State urges anglers to go catch thousands of escaped Atlantic salmon near San Juans



ANACORTES, Wash. -- The public is being asked to help mop up a salmon spill from an imploded net holding 305,000 fish at a Cooke Aquaculture fish farm near Cypress Island.

The company said the spill was caused by tides pushed unusually high by Monday's approaching total solar eclipse.

The Seattle Times reports Lummi fishers out for chinook on Sunday near Samish, south of Bellingham Bay, were surprised to pull up the Atlantic salmon — escapees that turned up in their nets again on Monday.

"It’s a devastation,” Ellie Kinley, whose family has fished Puget Sound for generations, told the Times. “We don’t want those fish preying on our baby salmon. And we don’t want them getting up in the rivers.”

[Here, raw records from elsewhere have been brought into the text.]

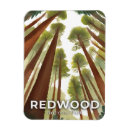 Search for redwood national park magnets Forest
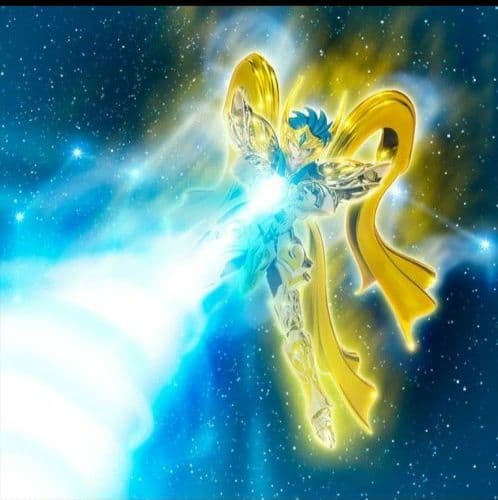 ✨新品未開封品✨アクエリアス カミュ✨神聖衣✨聖闘士聖衣神話EX✨バンダイ✨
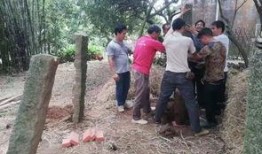 农村老田最新爆料,最新爆料背后的惊人真相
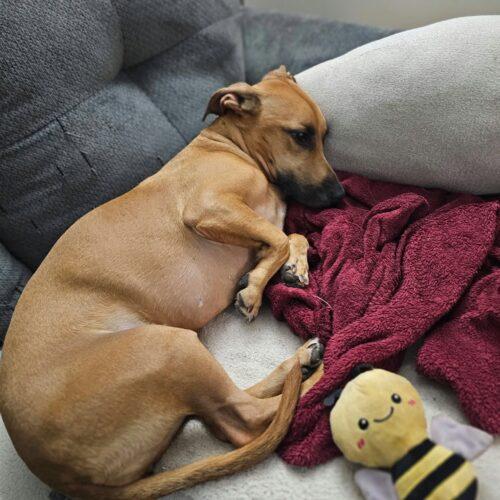 Enlarge Baby, a Adoptable mixed breed in Broken Arrow, OK image 3/3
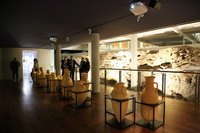 La Universidad inaugura un nuevo espacio patrimonial en el centro de Málaga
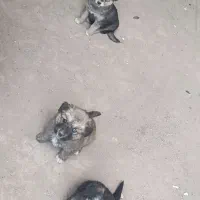 سگ هاسکی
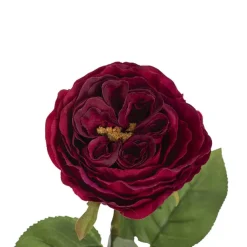 Austin Cabbage Rose Burgundy (10cmDx66cmH)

The Washington Department of Fish and Wildlife is urging the public to catch as many of the fish as possible, with no limit on size or number. The fish are about 10 pounds each.

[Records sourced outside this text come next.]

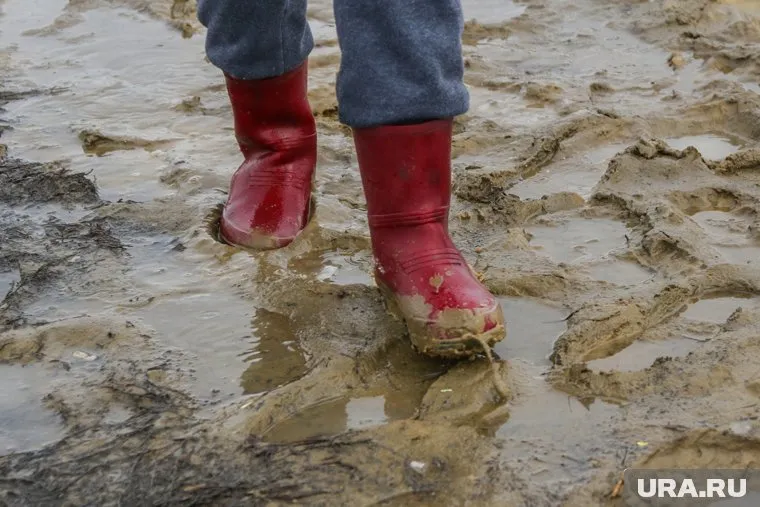 Курганцы водят детей в детский сад по болоту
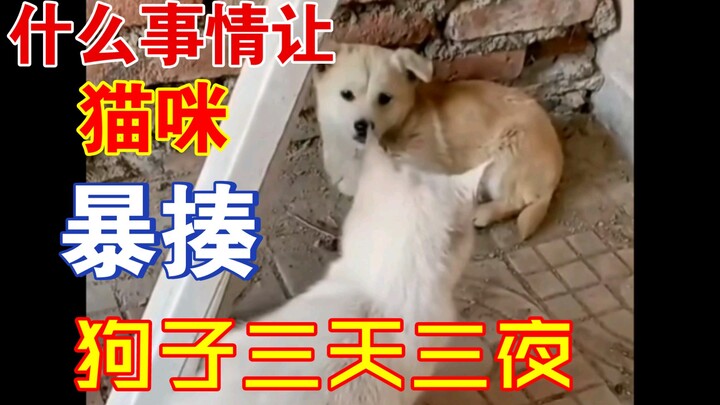 What on earth made the cat so furious that it beat up the dog relentlessly for three days and three 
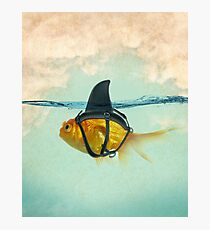 brilient disguise Photographic Print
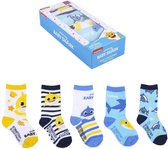 Babyshark - kraamcadeau - baby / peuter - sokken - 5 paar in Baby Shark cadeaubox- maat 19/20
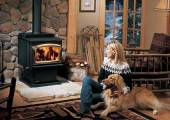 wood stove insert.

No one knows yet how many escaped.  About 305,000 salmon were in the net pen at the time, though the company initially estimated that only 4,000-5,000 fish have escaped, WDFW's Ron Warren said.

“Our first concern, of course, is to protect native fish species,” Warren said. “So we’d like to see as many of these escaped fish caught as possible.”

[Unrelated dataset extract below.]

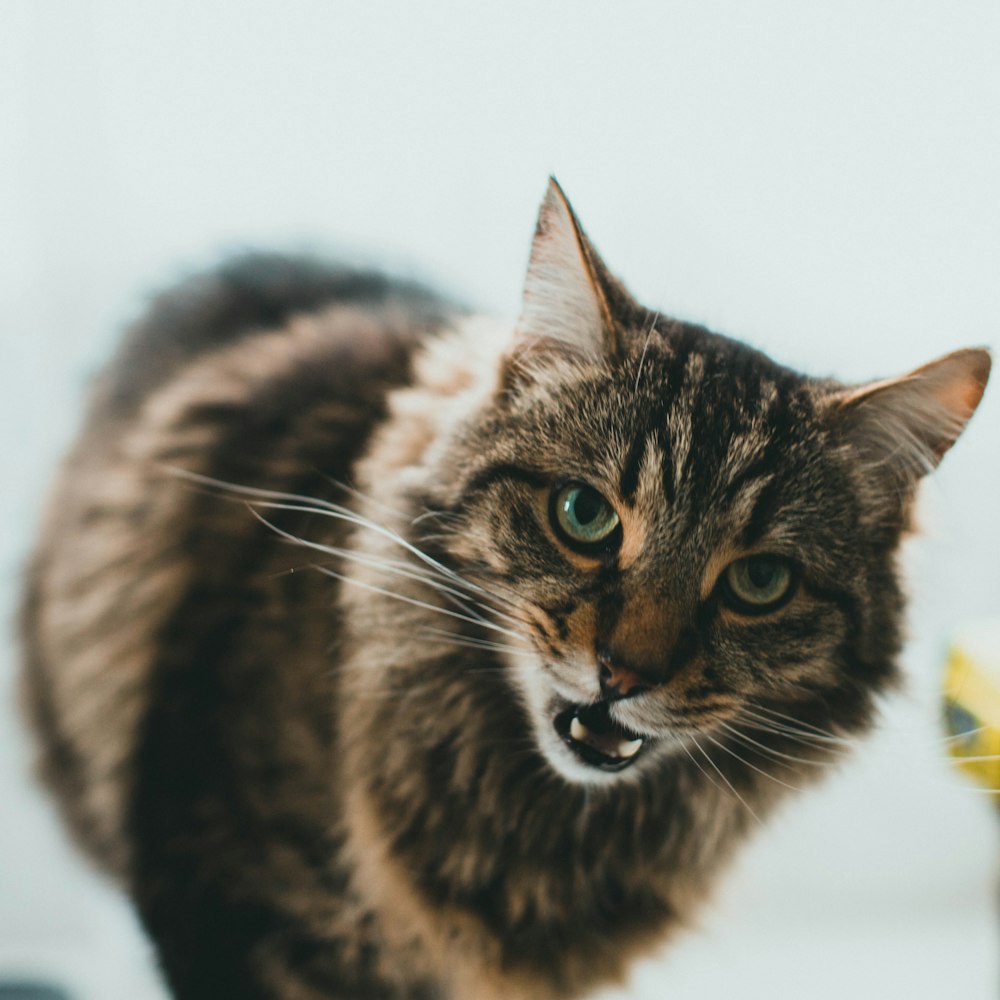 brown and black tabby cat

Warren said there is no evidence that these fish pose a threat to native fish populations, either through disease or crossbreeding with Pacific salmon. To date, there is no record of Atlantic salmon successfully reproducing with Pacific salmon in Washington’s waters, he said.

“It will be some time before we know how many fish escaped the net pens,” Warren said. “That’s why we’ve authorized Cooke Aquaculture to fish with beach seine nets and we’re encouraging anglers to go out and harvest these fish.”



The department has been monitoring the situation and crafting a spill-response plan with Cooke.

Lummi fishers were incensed at the Atlantic salmon intruding in home waters of native Washington Pacific salmon.

G.I. James, a member of the Lummi Natural Resources staff and fish commission, said Pacific salmon face enough trouble as it is without dueling with invaders in their home waters. "It is potentially a disease issue, and impact on our fish, as dire a shape as they are in, right now any impact to them is difficult to absorb."